Gleichwohl ist festzuhalten, dass – soweit öffentlich ersichtlich – kein zeitlich exakt bestimmbarer Raketen- oder Nuklearangriff unmittelbar bevorstand. Die Argumentation bewegt sich damit im Raum strategischer Prävention: Irgendwann, so das Kalkül, könnte die Bedrohung irreversibel werden. Genau hier liegt der juristische Scheidepunkt. Reicht die Prognose einer sich zuspitzenden existenziellen Gefahr aus, um die Schwelle der „Unmittelbarkeit“ im Sinne der Caroline-Formel zu überschreiten? Oder verlangt das Völkerrecht eine enger gefasste zeitliche Verdichtung?

Die Antwort wird nicht allein in gelehrten Abhandlungen gegeben, sondern durch staatliche Praxis geprägt. Die Reaktionen der internationalen Gemeinschaft – ausdrückliche Zustimmung, scharfe Verurteilung oder beredtes Schweigen – sind mehr als diplomatische Nuancen. Sie können Bausteine gewohnheitsrechtlicher Fortentwicklung sein. Wenn Staaten das Vorgehen nicht als klaren Bruch des Gewaltverbots qualifizieren, sondern ein erweitertes Selbstverteidigungsverständnis signalisieren, kann sich daraus mittelfristig eine Verschiebung der Rechtsüberzeugung ergeben. Ebenso kann eine breite und deutliche Zurückweisung die enge Auslegung des Art. 51 der UN-Charta bestätigen.
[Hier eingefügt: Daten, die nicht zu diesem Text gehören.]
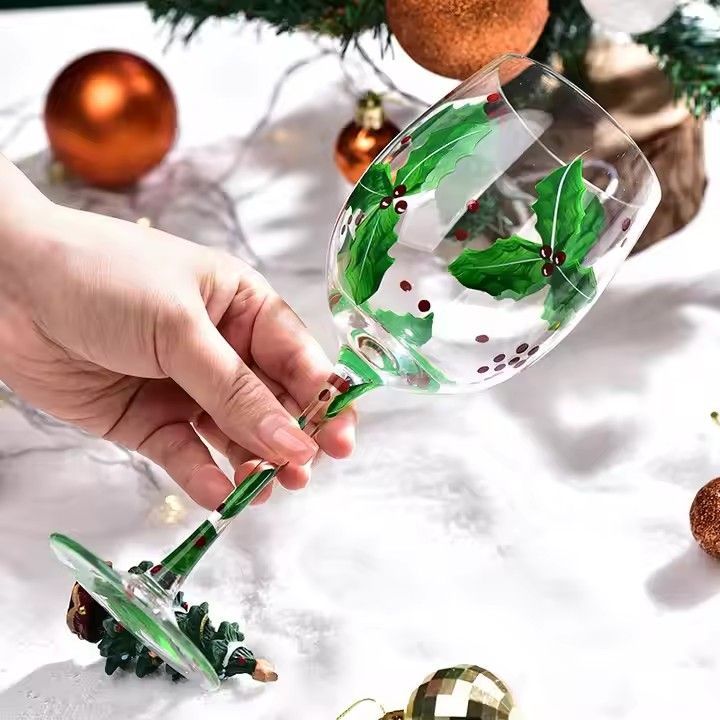 2024 Christmas Decorations Gifts Crystal Christmas Tree Stem Wine Glass Handpainted Goblet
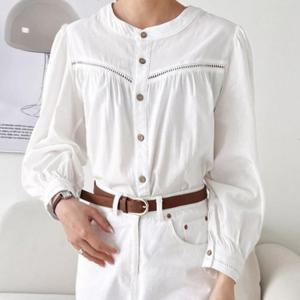 여성 셔츠 블라우스 노카라 1P 얇은 데일리 봄여름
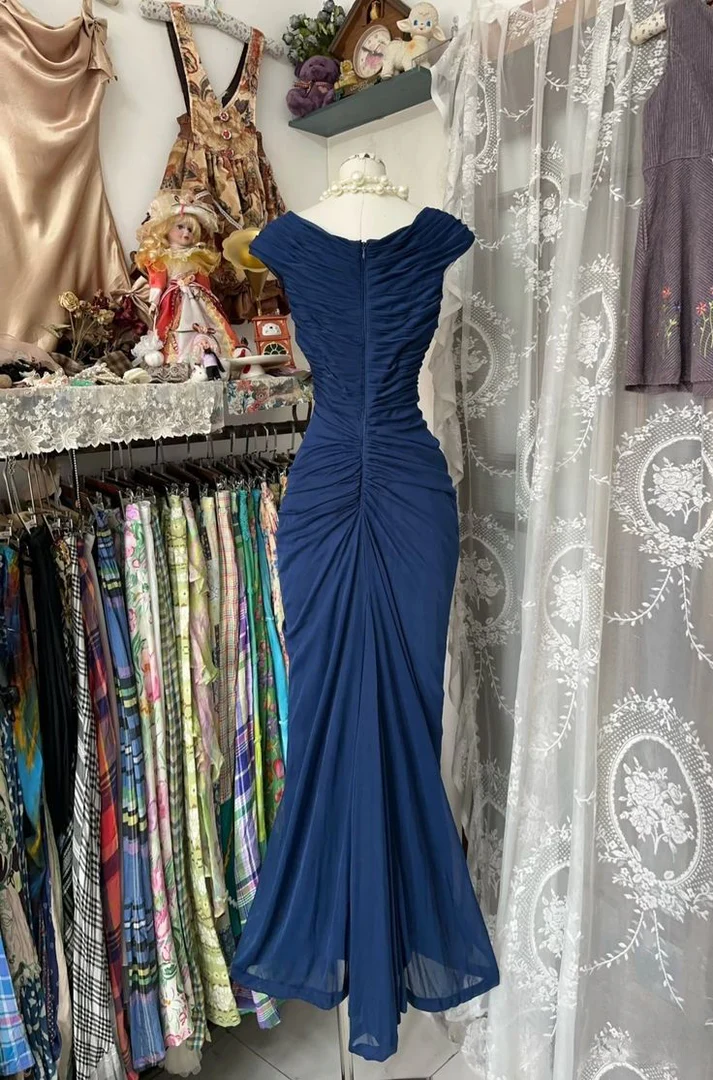 Vintage Navy Blue Chiffon Ruched Evening Gown ,Mermaid Party Prom Dress Y8076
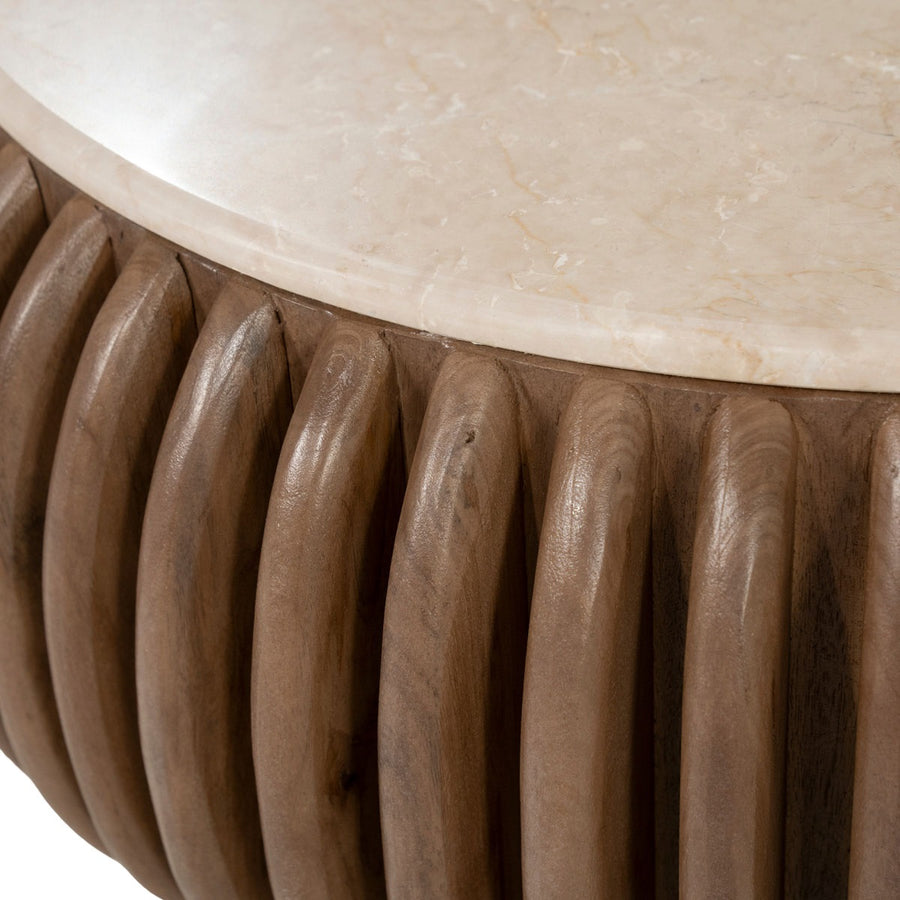 Salontafel Memphis – mangohout & Botochino marmer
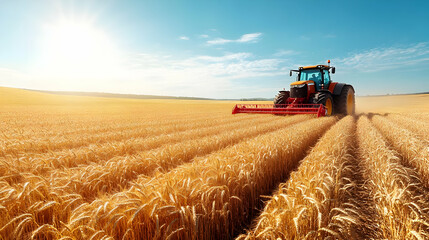 Obraz premium Wheat harvesting using a tractor under a bright sun, showcasing golden fields and clear blue skies.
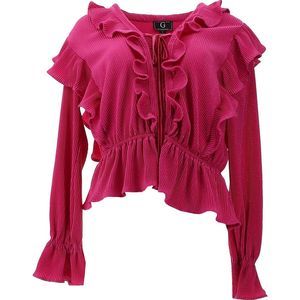 G Giuliana Black Label Metallic Crinkle-Knit Ruffle Top 720-013
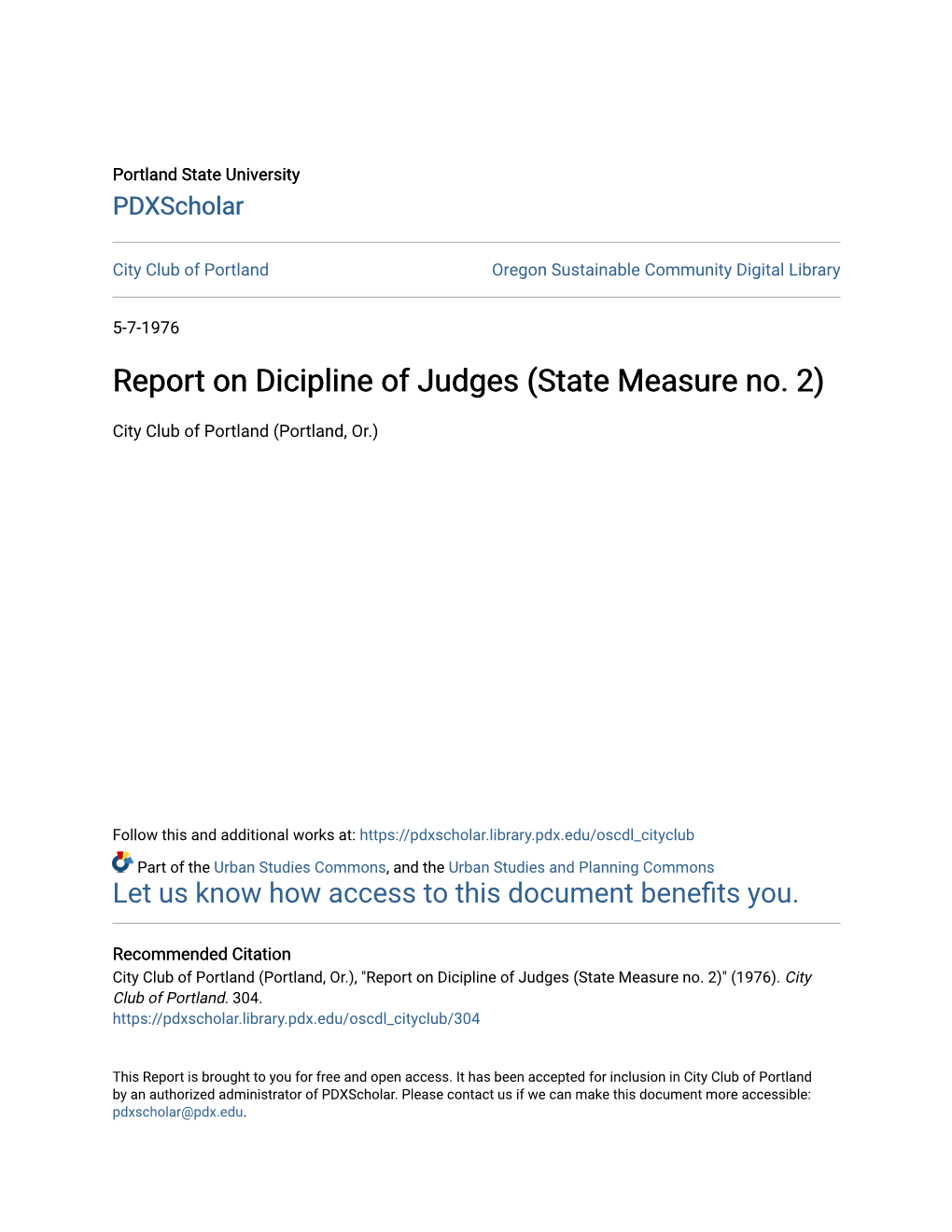 Report on Dicipline of Judges (State Measure No. 2)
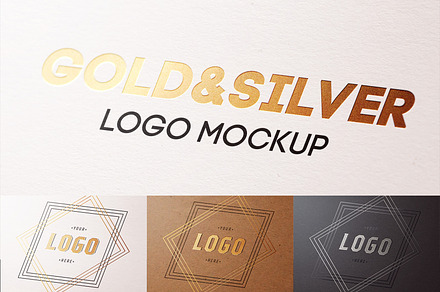 Gold & Silver & UV logo mockup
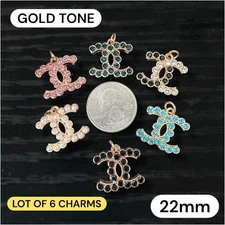 Lot Of 6 CC Gold To e Zipper Pull Button Charms 22mm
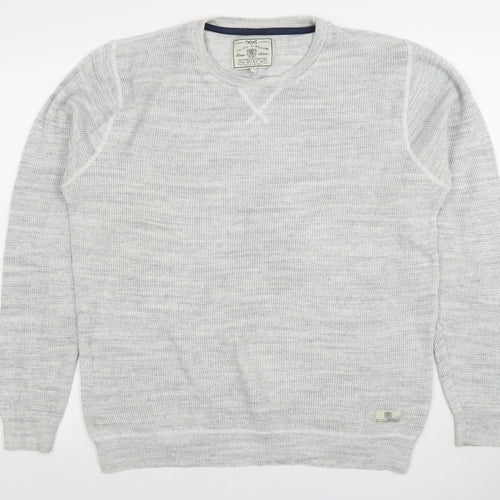 Next Mens Grey Waffle Knit Cotton Blend Crew Neck Jumper Size L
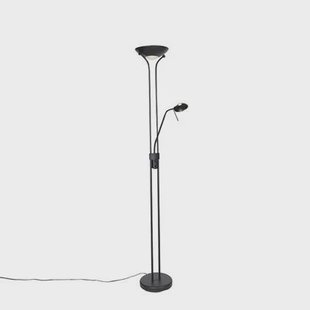 QAZQA Moderne vloerlamp zwart met leeslamp incl. LED dim to warm -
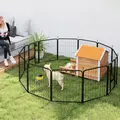 PawHut 12-Panel Solid Dog Playpen with Doors, for Medium Dogs, 80cm High, Black - 8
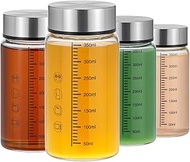 QWORK Glass Juice Bottles Set, 4 Pack 12 oz Borosilicate Glass Water Bottles with Stainless Steel Li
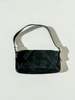 Suede Contrast stitch Buckle Purse - Black - Thumbnail 3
In diesem Kontext gewinnen die Stellungnahmen politischer Entscheidungsträger besonderes Gewicht. Äußerungen des deutschen Bundeskanzlers oder anderer Regierungschefs, die das Sicherheitsinteresse Israels betonen oder zur Zurückhaltung mahnen, ohne eine eindeutige völkerrechtliche Verurteilung auszusprechen, sind Teil staatlicher Praxis. Im Gefüge des Völkerrechts zählt nicht nur die Abstimmung im Sicherheitsrat, sondern auch die diplomatische Kommunikation und offizielle Presseerklärungen. Selbst Zurückhaltung kann, sofern sie konsistent und von einer entsprechenden Rechtsüberzeugung getragen ist, rechtliche Relevanz entfalten.

Die materielle Grenze bleibt indes klar: Selbstverteidigung darf nicht zur Chiffre für politische Opportunität oder gar für einen Regimewechsel werden. Sie ist strikt auf die Abwehr einer konkreten Gefahr begrenzt. Auch im Falle rechtmäßiger Selbstverteidigung unterliegt jede militärische Operation den Regeln des humanitären Völkerrechts, insbesondere dem Schutz der Zivilbevölkerung und dem Grundsatz der Verhältnismäßigkeit.

Das Gewaltverbot steht damit im Jahr 2026 an einer sensiblen Wegmarke. Wird das Selbstverteidigungsrecht zu weit interpretiert, droht seine schleichende Aushöhlung und mit ihr eine Rückkehr zu einer Ordnung, in der präventive Gewaltanwendung zur politischen Routine wird. Wird es hingegen zu eng gefasst, könnte es Staaten in existenziellen Gefährdungslagen faktisch schutzlos lassen. Der Konflikt zwischen Israel, den Vereinigten Staaten und dem Iran ist daher mehr als eine regionale Auseinandersetzung. Er ist ein Prüfstein dafür, ob das Völkerrecht die realpolitischen Herausforderungen einer veränderten Bedrohungslandschaft integrieren kann, ohne seinen normativen Kern preiszugeben – oder ob es zwischen Anspruch und Wirklichkeit zerrieben zu werden droht.